But RBC Capital Markets analyst says there could be a surprise in the mix with Google's cloud business. In Mahaney's note on potential big tech surprises for the upcoming year, he defines a surprise as "an event that the average Internet investor thinks is highly improbable, but we believe has a reasonable chance (30%+) of occurring," he wrote.
"Going into 2020, we could see a GOOGL margin surprise," Mahaney wrote. Analysts polled by FactSet are looking for Google's margin to climb slightly to 22% from 21.5% in 2019. The margin has consistently declined from 26% since 2016, as hardware and the largely early-stage cloud business both carry lower margins than the core search business, whose growth has decelerated.
But "Google Cloud is likely on track to generate close to $10 billion in revenue in 2020, and at this scale this segment is much less likely to be a margin drag on GOOGL," Mahaney wrote. He noted that Amazon's Amazon Web Services saw a 20% operating margin when the segment hit $10 billion in annual revenue. Of course, Amazon and Microsoft's dominance in cloud has provided a major headwind to Google's ability to scale its own cloud business, although recently, Google's strong cloud performance has prompted analysts to tout the business as one that could move the needle for the company.

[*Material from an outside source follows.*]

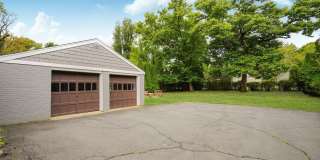 828 Kingston Road Gallery 31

So if Google's cloud business can grow large enough, it could require a less aggressive ramp in costs sooner rather than later. A lesser contributor to margin strength would be that "Other Bets segments will see more investment/expense rationalization." The small segment compared to Google's entire business exists for the company to take small stakes in potentially large new projects and start-ups, which typically lose money when they're young.
Mahaney noted the tech giant's recent margin pressures have "undermined any re-rating potential for GOOGL shares," which now trade at a historically low 24 times forward earnings.
But if Google can maintain current revenue growth estimates and expand its operating margin past expectations, Mahaney writes that "shares could materially outperform."